From the very first line of the records through the line that contains "Louis Vuitton Damier", repeat everything exactly except the pictures, and add nothing.

----

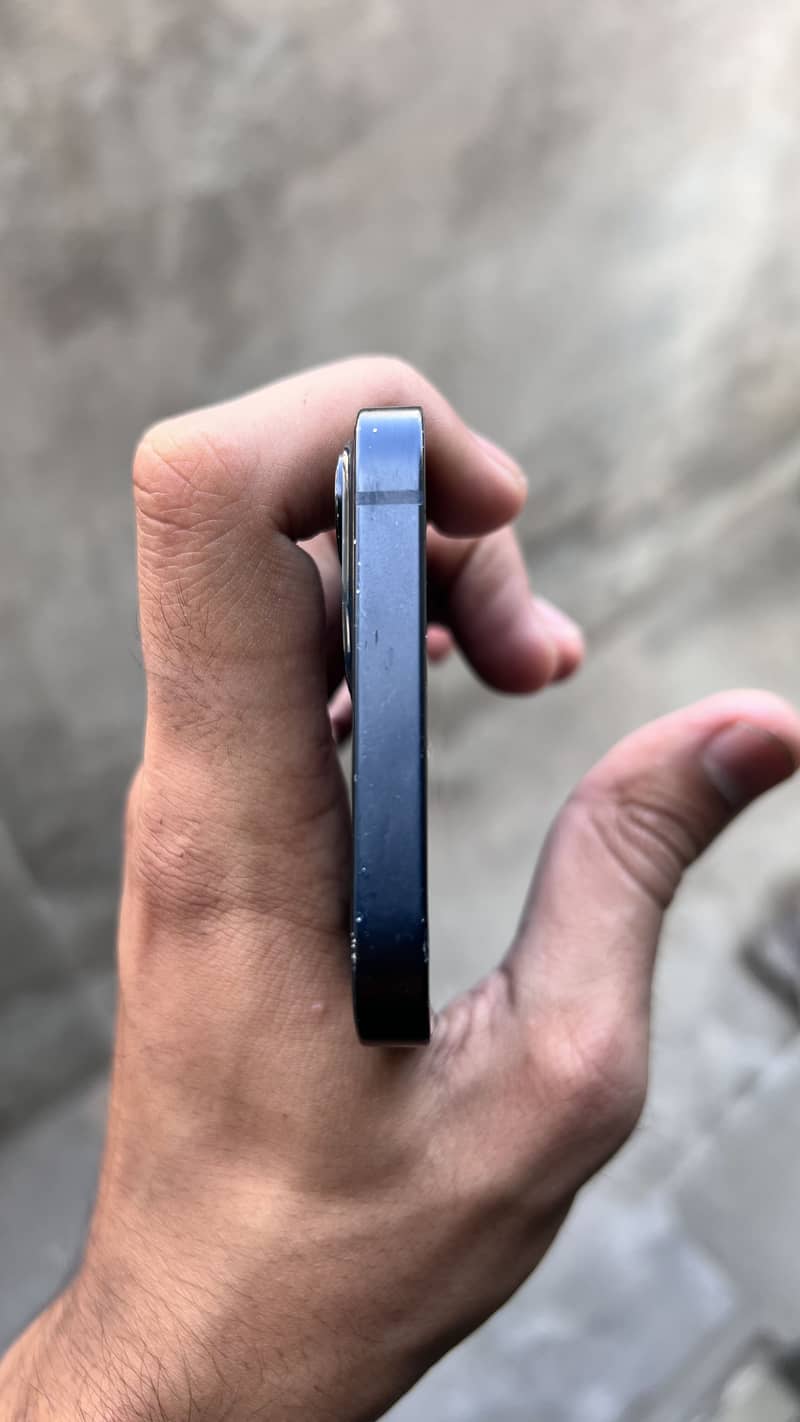 Apple iPhone 13 mini 4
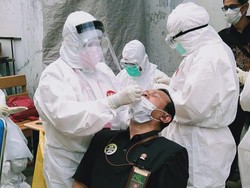 Hakim dan Pegawai Pengadilan Agama Surabaya Reaktif, 200 Orang Tes Swab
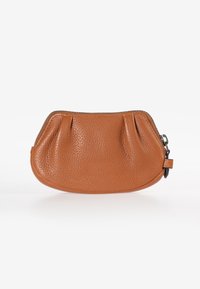 Bruine leren tas met een gestructureerde afwerking, ronde vorm, geplooid ontwerp en een ritssluiting, voorzien van een kleine hardware accent.
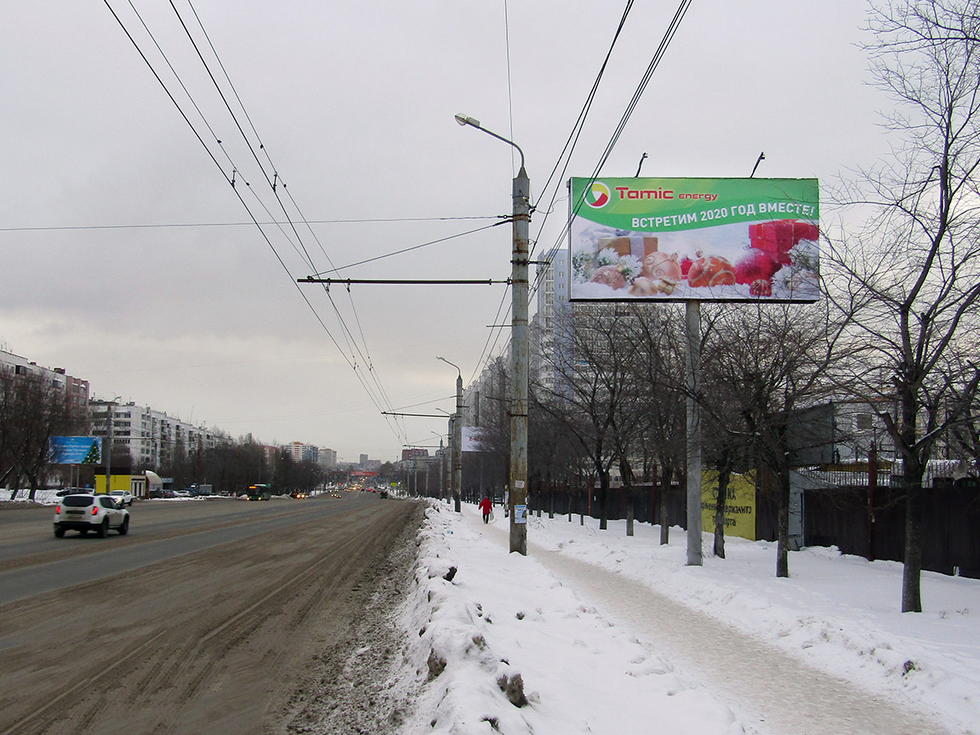 Фотография рекламного носителя, тип: Билборд 3x6, адрес: Братьев Кашириных ул. Х Ворошилова ул., Челябинск, Челябинская область, Россия. Сторона A №393694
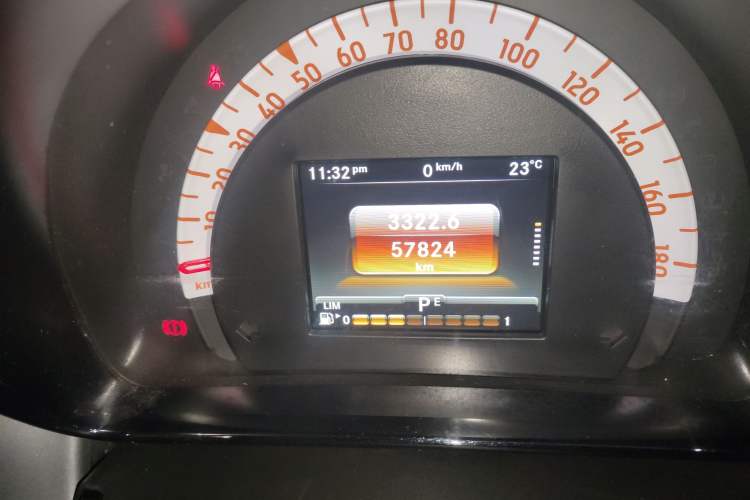 Used smart fortwo 2015 1.0L 52 kW Hardtop Passion Edition Instrument Cluster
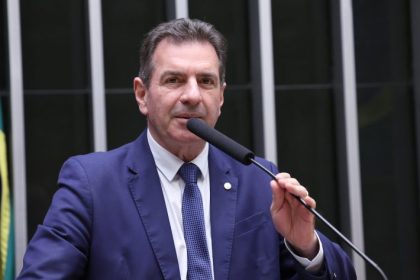 Comissão da Câmara aprova projeto que tipifica uso de animais no tráfico de drogas com penas de prisão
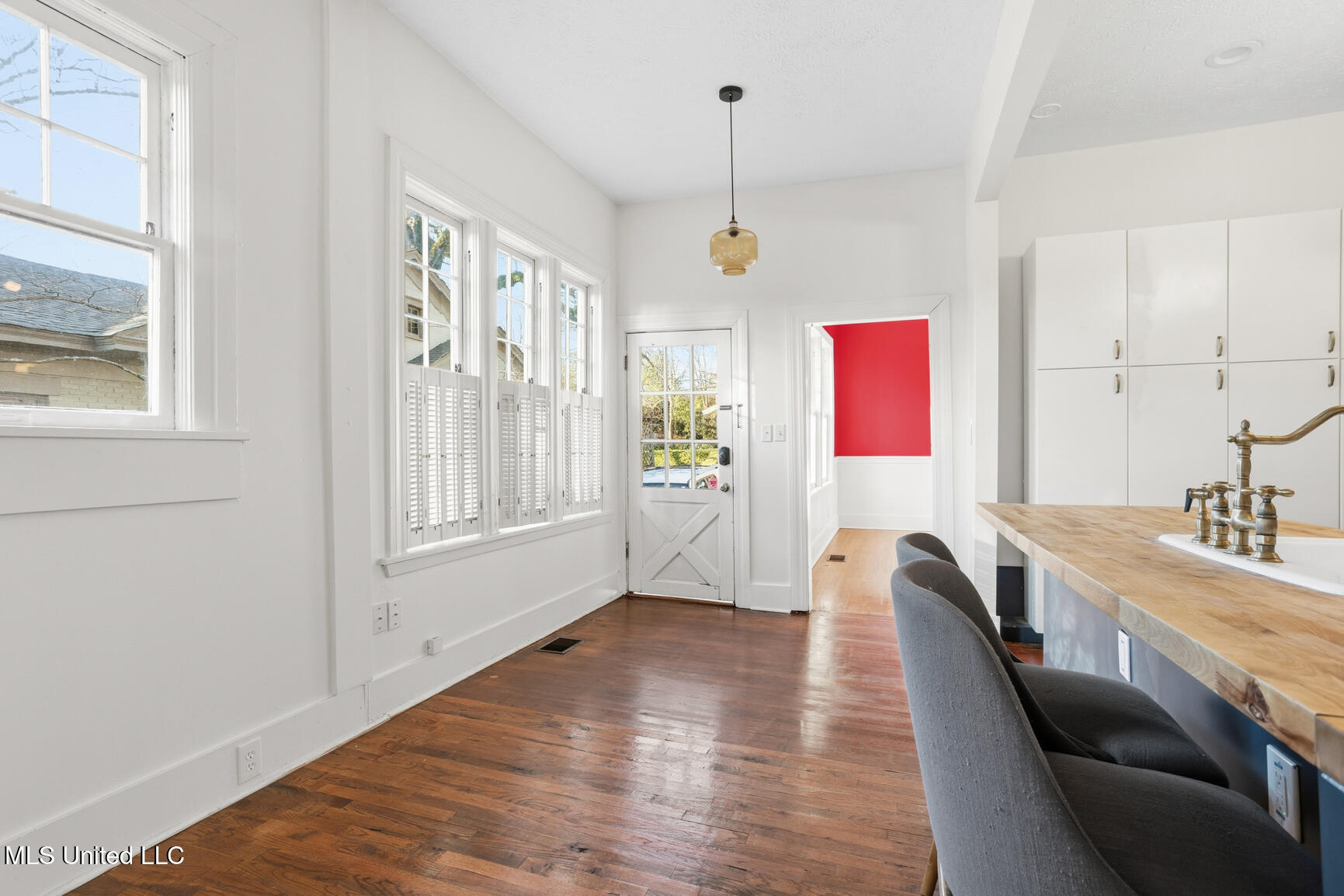 801 Arlington Street Property Photo 18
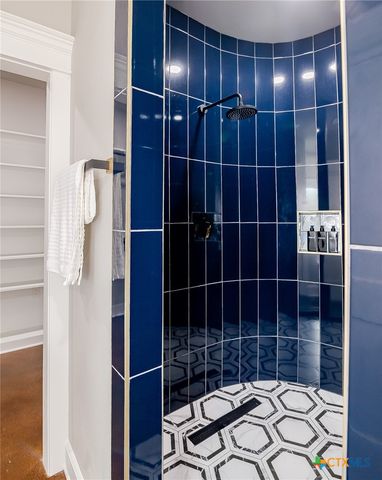 109 Luke Court, Victoria, TX 77904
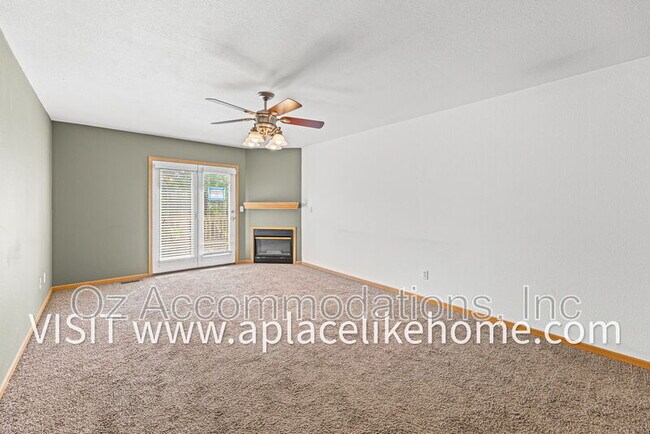 Building Photo - 8626 N Cleveland Ln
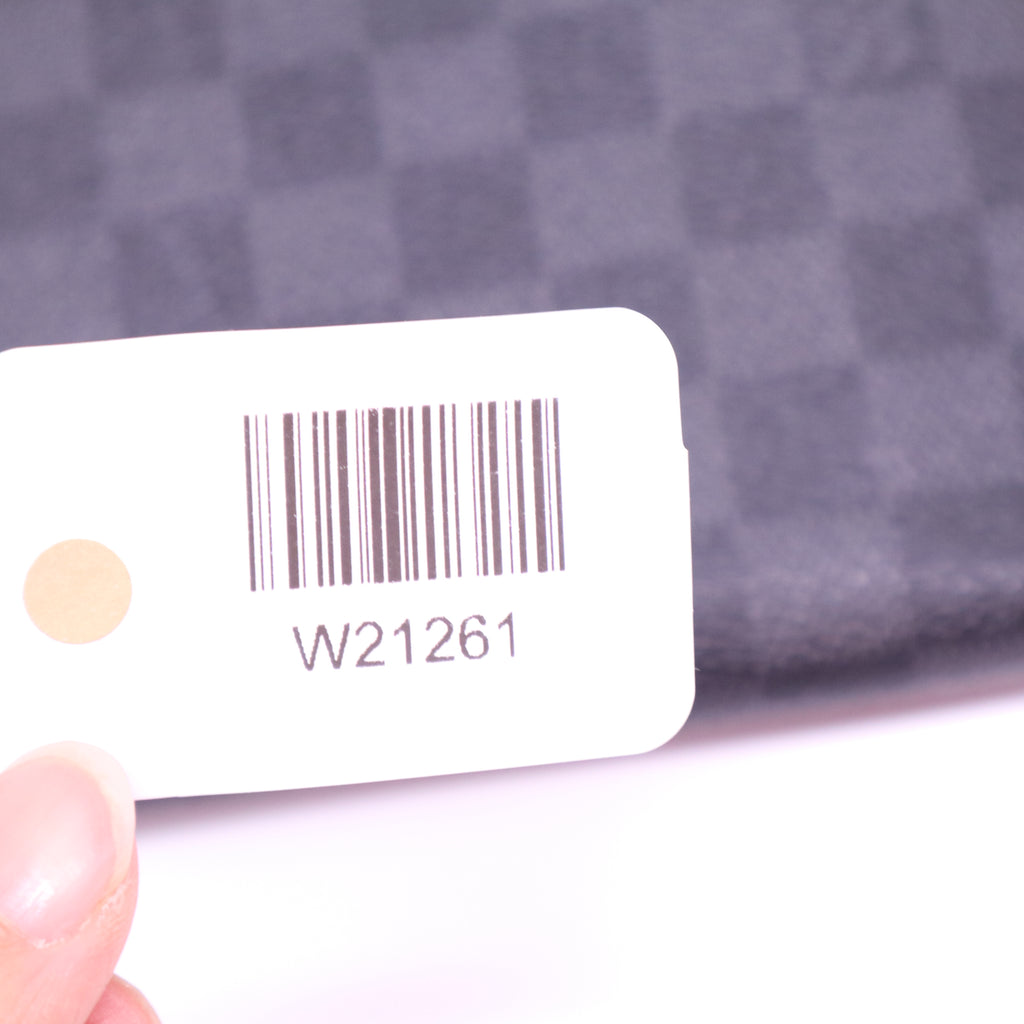 Louis Vuitton Damier Graphite Zippy Wallet W21261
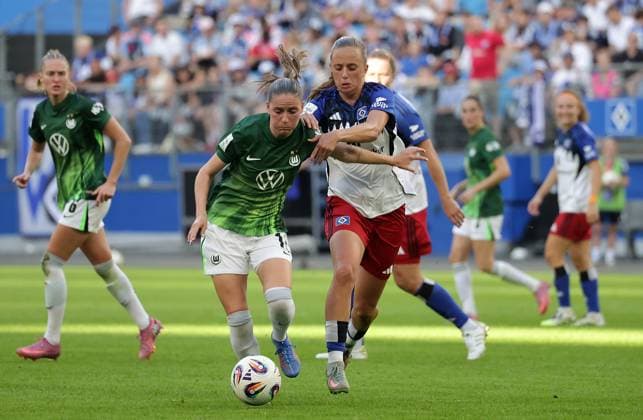 Duell zwischen Smilla Vallotto (VfL Wolfsburg) und Victoria Schwalm (HSV) Fussball, GER, Frauen, Damen, Flyeralarm Frauen Bundesliga, Saison 2025 2026, Volksparkstadion, 1.Spieltag Hamburger SV gegen VfL Wolfsburg, 3-3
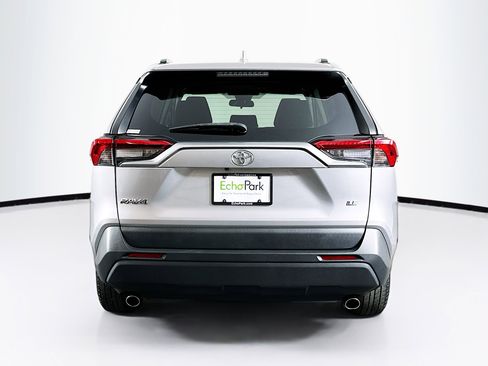 Used 2020 Toyota RAV4 LE FWD image 7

----

Task answer:
 Apple iPhone 13 mini 4
 Hakim dan Pegawai Pengadilan Agama Surabaya Reaktif, 200 Orang Tes Swab
 Bruine leren tas met een gestructureerde afwerking, ronde vorm, geplooid ontwerp en een ritssluiting, voorzien van een kleine hardware accent.
 Фотография рекламного носителя, тип: Билборд 3x6, адрес: Братьев Кашириных ул. Х Ворошилова ул., Челябинск, Челябинская область, Россия. Сторона A №393694
 Used smart fortwo 2015 1.0L 52 kW Hardtop Passion Edition Instrument Cluster
 Comissão da Câmara aprova projeto que tipifica uso de animais no tráfico de drogas com penas de prisão
 801 Arlington Street Property Photo 18
 109 Luke Court, Victoria, TX 77904
 Building Photo - 8626 N Cleveland Ln
 Louis Vuitton Damier Graphite Zippy Wallet W21261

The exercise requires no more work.